(Dataset content Opens)

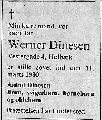 R19 Werner Dinesen, dødsannonce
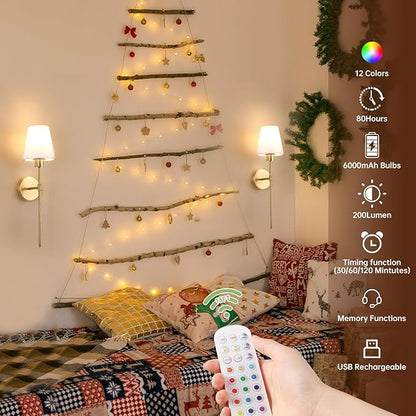Fabric Wall Sconce Battery Operated Set of 2, Rechargeable Wall Lights with 5000mAh RGB Dimmable Bulb, 12 Colors Wall Sconces for Bedroom Living Room, Gold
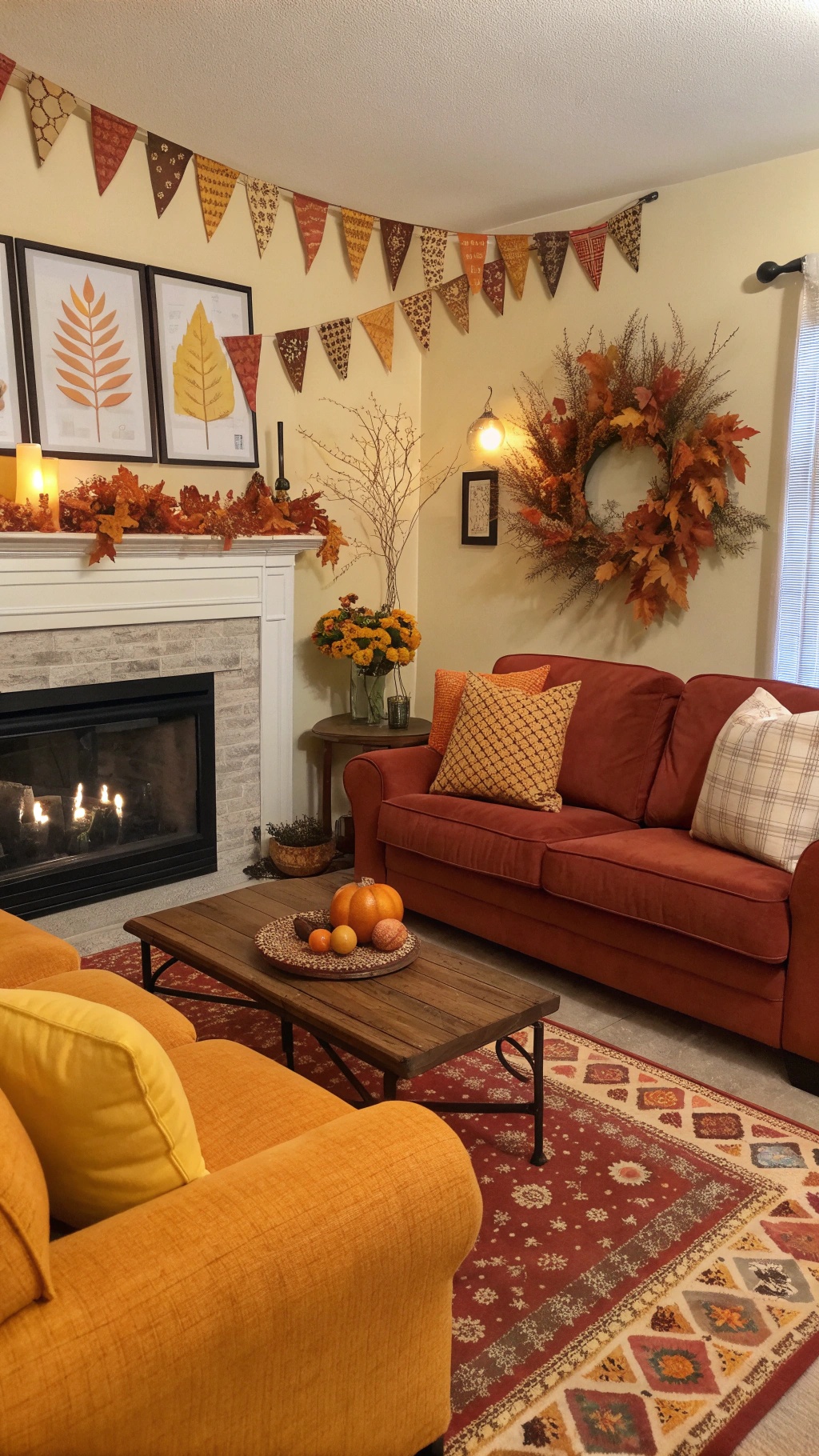 Cozy fall living room with warm color palette featuring orange and red sofas, autumn decorations, and a fireplace.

(Dataset content Closes)

What this task involves:
Write out all the material verbatim, images excluded.

Result below:
 R19 Werner Dinesen, dødsannonce
Fabric Wall Sconce Battery Operated Set of 2, Rechargeable Wall Lights with 5000mAh RGB Dimmable Bulb, 12 Colors Wall Sconces for Bedroom Living Room, Gold
 Cozy fall living room with warm color palette featuring orange and red sofas, autumn decorations, and a fireplace.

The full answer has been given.